Menjadi mahasiswa termuda yang diluluskan UGM pada Wisuda Sarjana dan Sarjana Terapan Periode II, Rabu (27/8) lalu, tentunya menjadi kebanggan tersendiri oleh Duiddo Imani Muhammad yang berhasil lulus S1 prodi Ilmu Hukum pada usia 20 tahun 5 bulan yang berhasil menyelesaikan studinya dalam waktu 3 tahun 7 bulan dengan perolehan IPK 3,64. Padahal usia rata-rata lulusan Program Sarjana adalah 22 tahun 6 bulan 15 hari.
Oi, demikian ia akrab disapa, mengaku bisa lulus di usia 20 tahun dikarenakan mulai mendaftar masuk pendidikan sekolah dasar di usia 5 tahun 7 bulan. Lalu saat di bangku SMA, ia mengikuti kelas akselerasi sehingga bisa lulus lebih cepat karena ia bisa menyelesaikan pendidikan SMA dalam waktu 2 tahun. “Saya masuk SD di umur 5 tahun 7 bulan dan ikut akselerasi pas SMA lewat program Kelompok Belajar Cepat,” katanya, Rabu (3/9).
Ketertarikannya pada bidang ilmu hukum menurut Oi berawal dari latar belakang pendidikan keluarganya yang merupakan lulusan hukum membuatnya sudah mengetahui prospek kerja lulusan Hukum seperti apa. Ia pun sudah merencanakan untuk menjadi notaris sejak ia masih di bangku SMA. Cita-cita ini pula lah yang mengantarkan Oi untuk magang di kantor notaris, dan menerbitkan artikel jurnal tentang RUPS. Dalam jurnalnya tersebut ia membahas tentang kekosongan hukum antara profesi notaris yang harus berhadapan langsung dengan klien dan juga fakta bahwa RUPS saat ini sudah bisa dilakukan secara elektronik. “Jadi aku sempat magang di kantor notaris, dan aku nemu masalah ini bahwa notaris itu kan harus berhadapan dengan klien secara fisik. Di undang-undangnya seperti itu. Sedangkan RUPS ini kan sudah bisa dilaksanakan secara elektronik. Sehingga ada tabrakan, ada kekosongan hukum mengenai pengaturan notaris sebagai pejabat umum yang berwenang untuk membuat akta tapi harus fisik,” katanya.

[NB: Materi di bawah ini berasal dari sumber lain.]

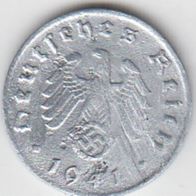 Deutsches Reich 1 Pfennig 1941 D Zink aus dem Umlauf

Selama perkuliahan, selain fokus pada akademik, ia juga memutuskan untuk mengembangkan potensi dirinya melalui aktif berorganisasi. Oi memilih DEMA Justicia sebagai tempatnya untuk terus belajar. Menurut Oi, melalui organisasi ia dapat belajar untuk memanajemen risiko, manajemen emosi, dan juga manajemen energi. “Saya mendapatkan pengalaman sebagai pemimpin, pengalaman sebagai mahasiswa UGM yang seharusnya merakyat, yang seharusnya humble ya. Jadi, di organisasi itu, saya semua dapat,” ungkapnya.
Perihal skripsinya, Oi sedikit bercerita bahwa judul yang ia ambil adalah soal Analisis Perubahan Tanah Surat Ijo (Izin Pemakaian Tanah) menjadi Tanah Bersertifikat Hak Guna Bangunan di Kota Surabaya”. Dalam skripsinya ini, ia menjelaskan bahwa Pemerintah Kota (Pemkot) Surabaya memiliki banyak tanah yang tersebar di wilayah kota. Namun, ternyata tanah tersebut telah dihuni dan digunakan oleh masyarakat sejak turun temurun. “Nah, jadi aku bahas apakah mungkin tanah dari Pemkot Surabaya itu bisa dialihkan menjadi tanah hak guna bangunan,” ujarnya.
Ia mengaku bahwa selama pengerjaan skripsinya, ia lumayan banyak menghadapi kendala-kendala di lapangan. Namun, pengalamannya sebagai Kepala Departemen di DEMA Justicia memuatnya mampu untuk menyelesaikan kendala tersebut dengan lebih mudah. Salah satunya adalah ia mengetahui cara untuk lebih mudah mendapatkan data untuk penelitiannya tersebut. “Jadi manajemen keputusan itu bakal ngaruh ternyata,” jelas Oi.
Ia pun berpesan kepada para teman-teman lain untuk tidak mudah merasa FOMO (fear of missing out) dengan mengejar sesuatu yang tidak begitu kita butuhkan. Menurutnya, setiap orang memiliki garis nasib yang berbeda-beda dan juga hebat dalam bidangnya masing-masing. Selain itu, ia pun berpesan untuk tidak meremehkan orang-orang yang usianya di bawah kita, baik dalam cara berpikir maupun pengalamannya. Lebih lanjut, ia pun mengingatkan untuk tidak memaksakan diri baik secara mental, fisik maupun secara pikiran. Yang tak kalah penting adalah menyiapkan rencana masa depan yang baik, tanpa perlu membandingkan diri dengan orang lain. “Terus semangat, pantang menyerah dan jangan lupa adaptif,” pesannya.